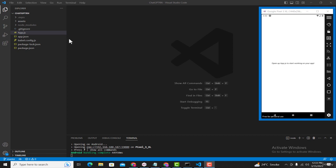Previously we created a new React Native application and installed it inside our Android emulator. Now we will start building the GUI for our chatbot application. We are building an app where the user can type his questions, click a send button, and we will pass those queries to our ChatGPT model. After that we will get the results from ChatGPT and display them on the user's screen. That will be the flow of our application.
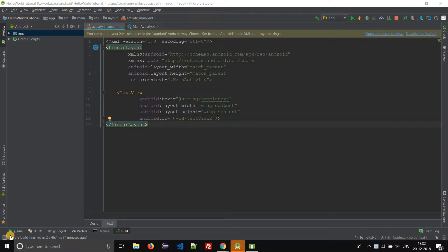Hello everyone, welcome to this Android Studio tutorial. In this particular tutorial we shall learn how to change the text size in TextView.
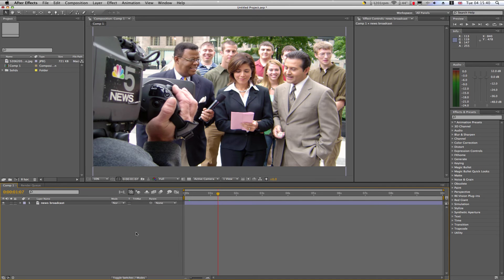Today I'm going to be showing you how to make a camera flash within After Effects. All I've got here is a composition with an image in it.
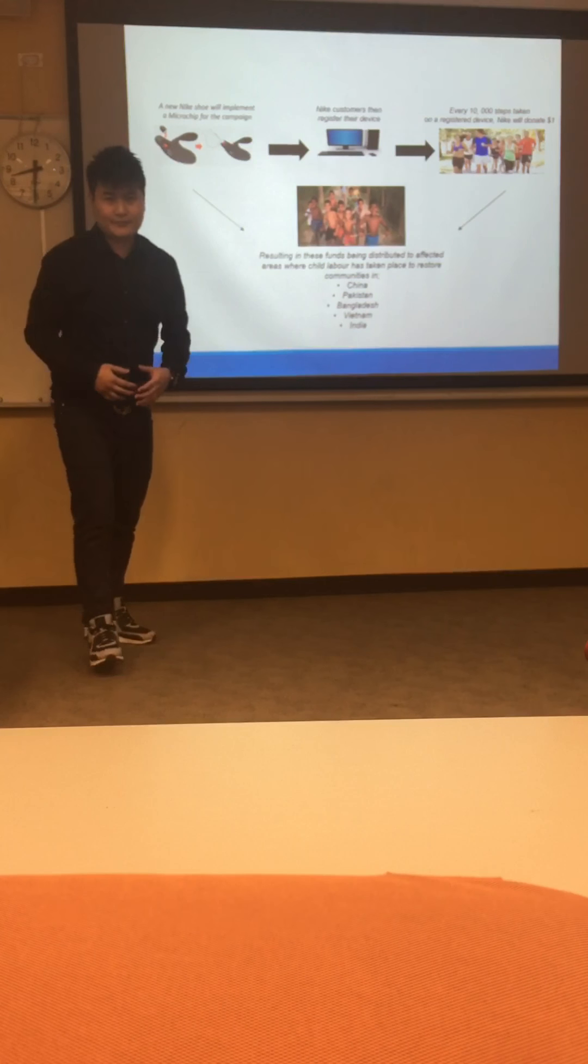So, at the end of the day, Nike would pay out the money as a form of academic scholarships to countries that is affected by child labor.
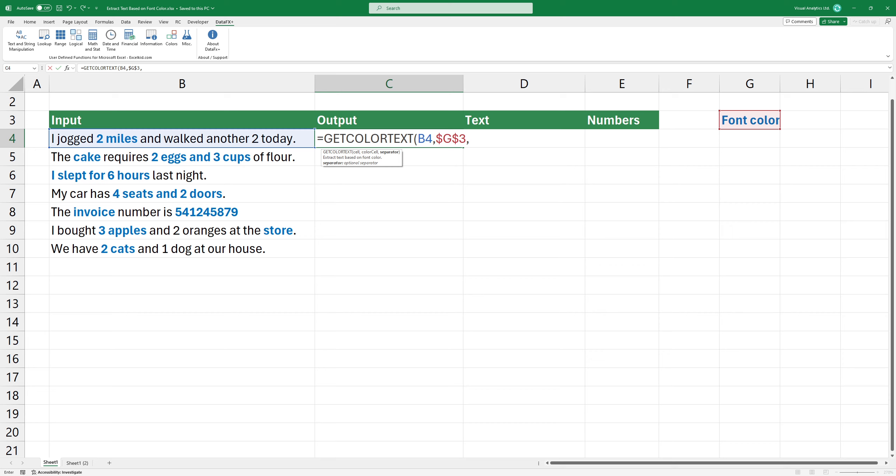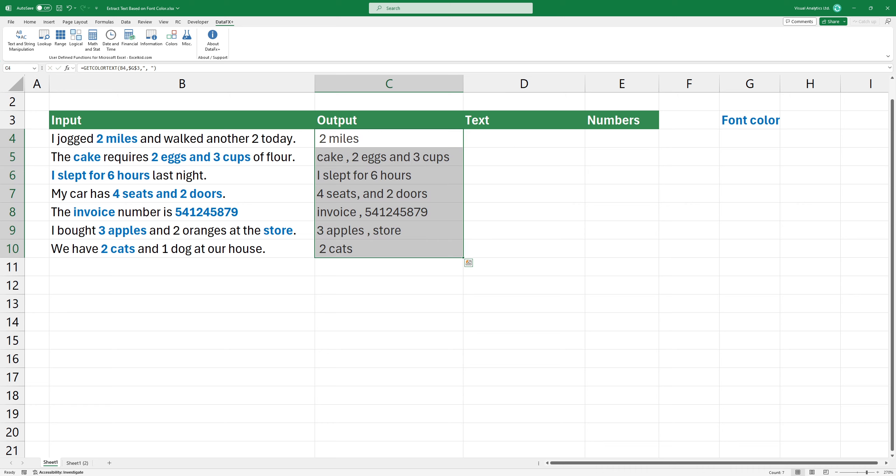The third argument is an optional separator. By default, the function uses spaces as a delimiter. In the example, I'm using a comma to separate values. Press enter to get the result.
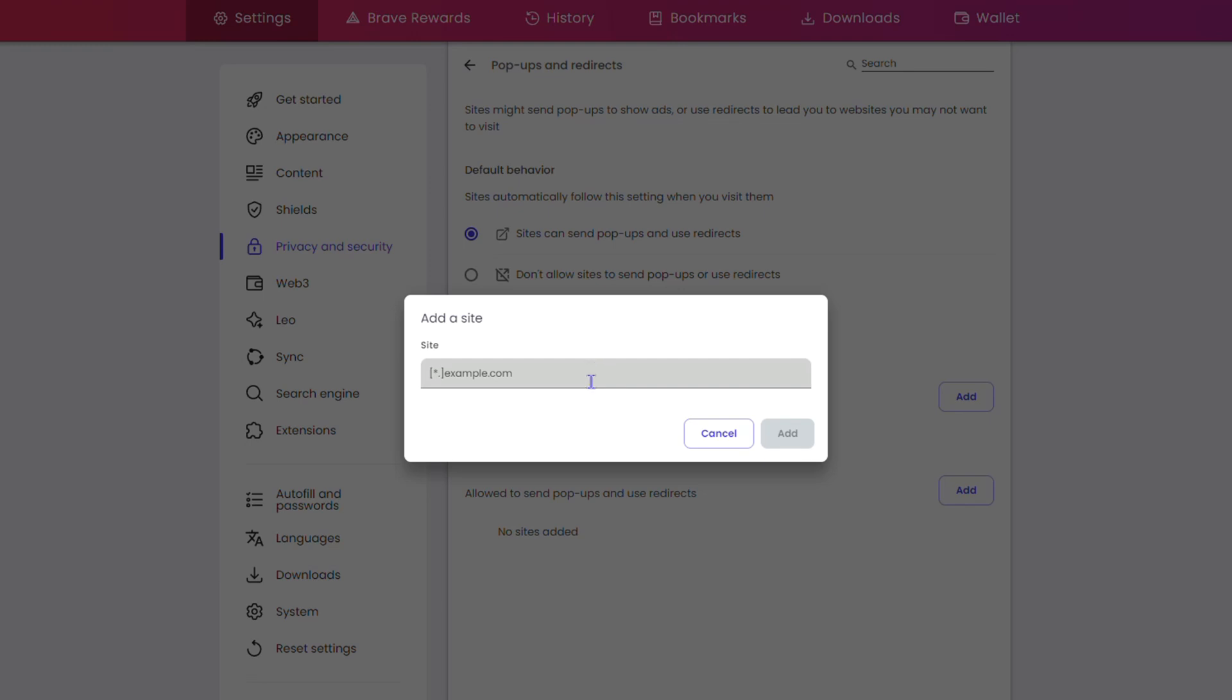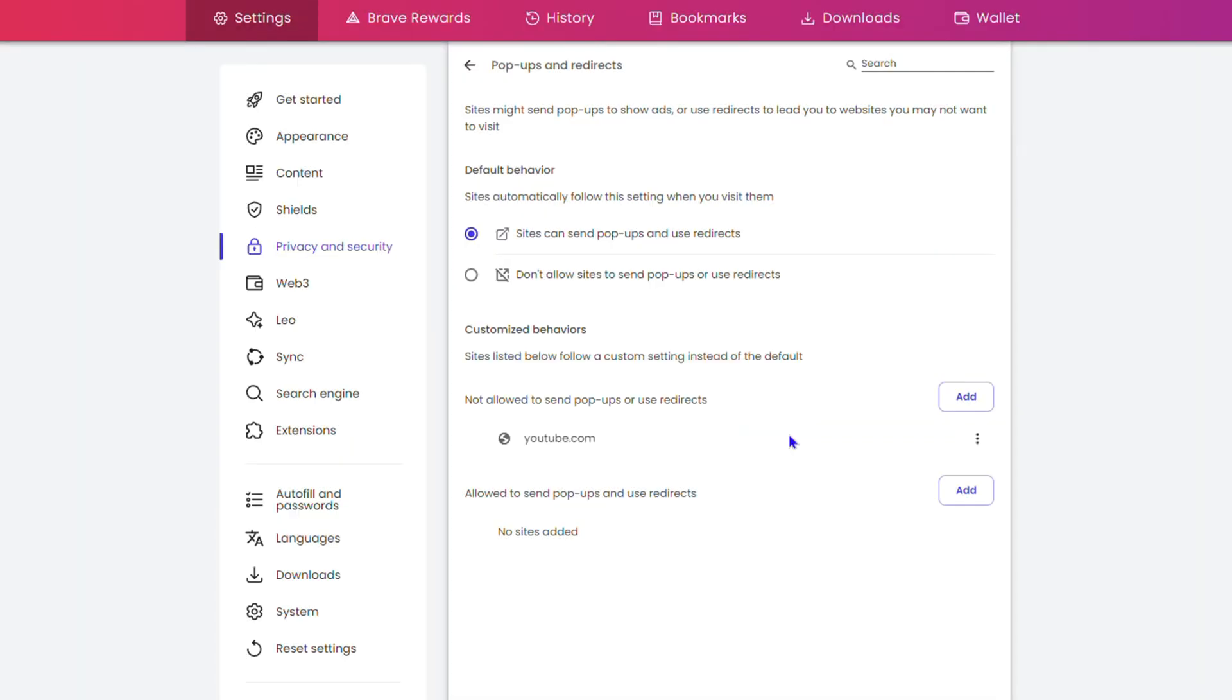I can click here and type in youtube.com, then click Add. As you can see, I've added youtube.com here, so YouTube will not send me any pop-ups or redirects. Very easy and simple.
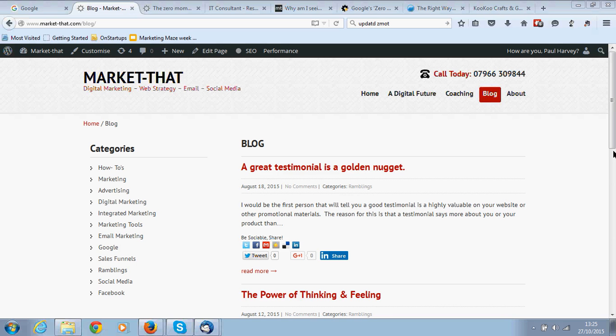Hi there, my name is Paul Harvey and my business is called Market That, and that's what you're looking at at the moment.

· · · ·

— Problem description —
Your reply should contain only an exact copy of the lines from the beginning of the material through the line with "Hello everyone, welcome", both ends included, with the pictures removed.

— Answer below —
Previously we created a new React Native application and installed it inside our Android emulator. Now we will start building the GUI for our chatbot application. We are building an app where the user can type his questions, click a send button, and we will pass those queries to our ChatGPT model. After that we will get the results from ChatGPT and display them on the user's screen. That will be the flow of our application.
Hello everyone, welcome to this Android Studio tutorial. In this particular tutorial we shall learn how to change the text size in TextView.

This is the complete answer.